Мы с Петром разом кивнули, подтверждая. Господи, какие ж силы я привел в движение, отобрав у старухи яд!
Она пришла ближе к вечеру — беззаботное существо, без обременительного прошлого — с доктором (он мотался к какому-то больному на своем велосипеде, встретил Лару и т. д.).
— Ваш друг Евгений отыскался?
— Он мертв.
Старик отшатнулся на скамейке, чуть не упал, но справился.
— С каким же диагнозом?
— Я не могу найти тело.
— Отчего ж вы так уверены, что он скончался?
— Аркадий Васильевич, давайте в подробностях вспомним прошлую субботу.
— Я помню!
— Секретарь Всеволода дважды — и весьма многозначительно — сказал мне при всех: «Нам надо поговорить». Я думаю, его погубила эта фраза.
— О чем? О чем он хотел поговорить?
— О гибели патрона, очевидно. Выходит, убийца среди нас.
— О нет! Среди вас.
— Согласен. Вы покинули застолье раньше всех.
— Ну и что?
— Опишите свой путь в больницу.
— Прошел по аллейке с велосипедом. В настроении таком, знаете, приподнятом…
— С чего оно приподнялось, простите?
— Водочка.
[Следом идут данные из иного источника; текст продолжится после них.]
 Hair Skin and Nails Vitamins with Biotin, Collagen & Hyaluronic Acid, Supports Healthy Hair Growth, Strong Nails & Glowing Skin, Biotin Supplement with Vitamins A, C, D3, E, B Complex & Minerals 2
И ход событий, захватывающий душу.
— Вы ведь почти не знали Всеволода?
— А Марьюшка? Ее смерть меня подкосила. Я шел и думал: «Пора, мой друг, пора, покоя сердце просит…» Вам этого еще не понять, молодой человек… Ожидание смерти — удел стариков.
— Не обязательно.
Старик скользнул любопытным взглядом по моему лицу и продолжал:
— Выхожу один я на проселок и никак не могу вспомнить, как там дальше: «сердце просит… сердце просит…» Не подсказывайте, я сам вспомнил! И вдруг услышал, как у вас пишут, леденящий душу крик: «Степа! Степа!» Ну, думаю, ваши друзья заблудились в трех соснах. И по неистребимой профессиональной привычке поспешил на помощь. В липовой аллейке стоял менеджер, так называется — менеджер? — повторил доктор с удовольствием экзотическое слово. — Но тут к нему примкнул управляющий. И я благополучно отбыл.
— Ваши сведения очень ценны, Аркадий Васильевич.
— Правда?
— Да. Во-первых, Петр видел некое привидение в конце аллейки, то есть вас, — это объяснилось. Во-вторых, на какое-то время Степа его действительно покидал.
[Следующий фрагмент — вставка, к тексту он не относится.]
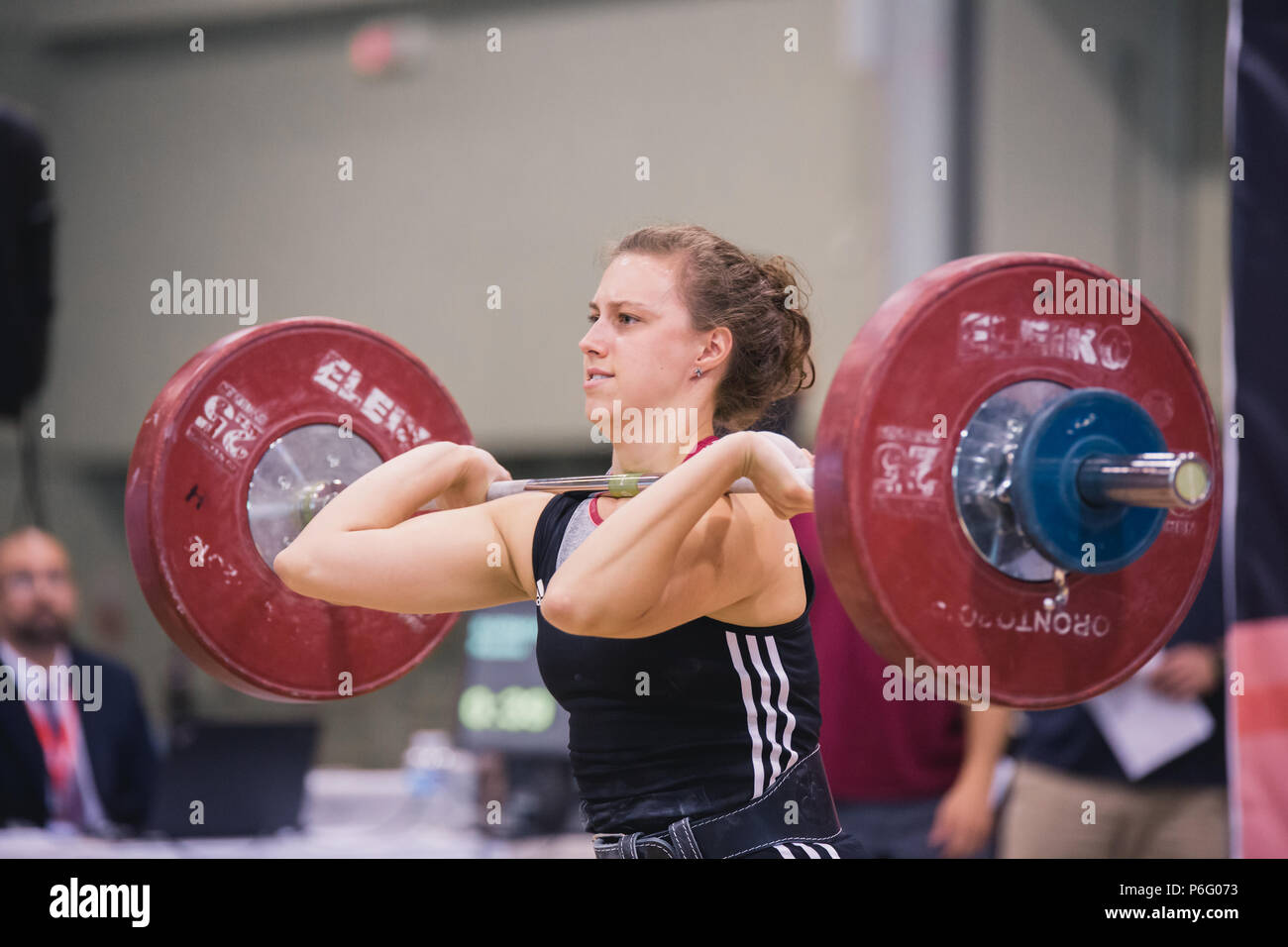 woman weight lifting competition Stock Photo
— Чтобы расправиться с секретарем? — вскрикнул старик в азарте.
— Возможно. Но вы же не видели, что они несли труп?
— Боже сохрани!
— Значит, как я и предполагал, кто-то из них вернулся позже и схоронил бедного Евгения.
— Ваши друзья?
— Да, мы знаем друг друга с пятнадцати лет.
— Но за что?
— Мотив на поверхности: один из приближенных (или оба) обирал патрона и был на грани разоблачения.
— И совершил три убийства, — констатировал доктор чуть ли не в упоении. — Грандиозно!
— Вы как будто радуетесь.
— Нет, нет! Но подумайте: в эпоху массовой цивилизации (ведь триллеры, террористы и маньяки каждый день по телевизору) совершить такое изощренное убийство. Тройное! И с помощью столь редкого яда, как болиголов.
«Твоего, старый дурак!» — подумал я в остервенении, и вдруг меня как током ударило. Тройное… болиголов…
— С чего вы взяли, что Евгений погиб от яда?
Доктор и сам словно удивился, забарабанил пальцами по дубовой столешнице.
— Онемение конечностей! — наконец выговорил.
— Расшифруйте!
— Первый внешний признак отравления болиголовом — отказывают служить руки-ноги — начало конца. Причем действие не внезапное, а постепенное, жертва и не разберется поначалу. Помните, секретарь расплескал водку, уронил стопку и еле смог ухватить ее с полу — пальцы сводило.
— Я только заметил, как стопка упала.
— А я сидел рядом. Покойник, естественно, решил, что перебрал, пробормотал: «В глазах темнеет» (второй признак) — и вышел, едва волоча ноги.
— Так какого ж вы до сих пор молчали, извините!
— Я сам немало принял и расслабился, меня покинул дух ученого-исследователя. Но вот вам, пожалуйста — цельная картинка.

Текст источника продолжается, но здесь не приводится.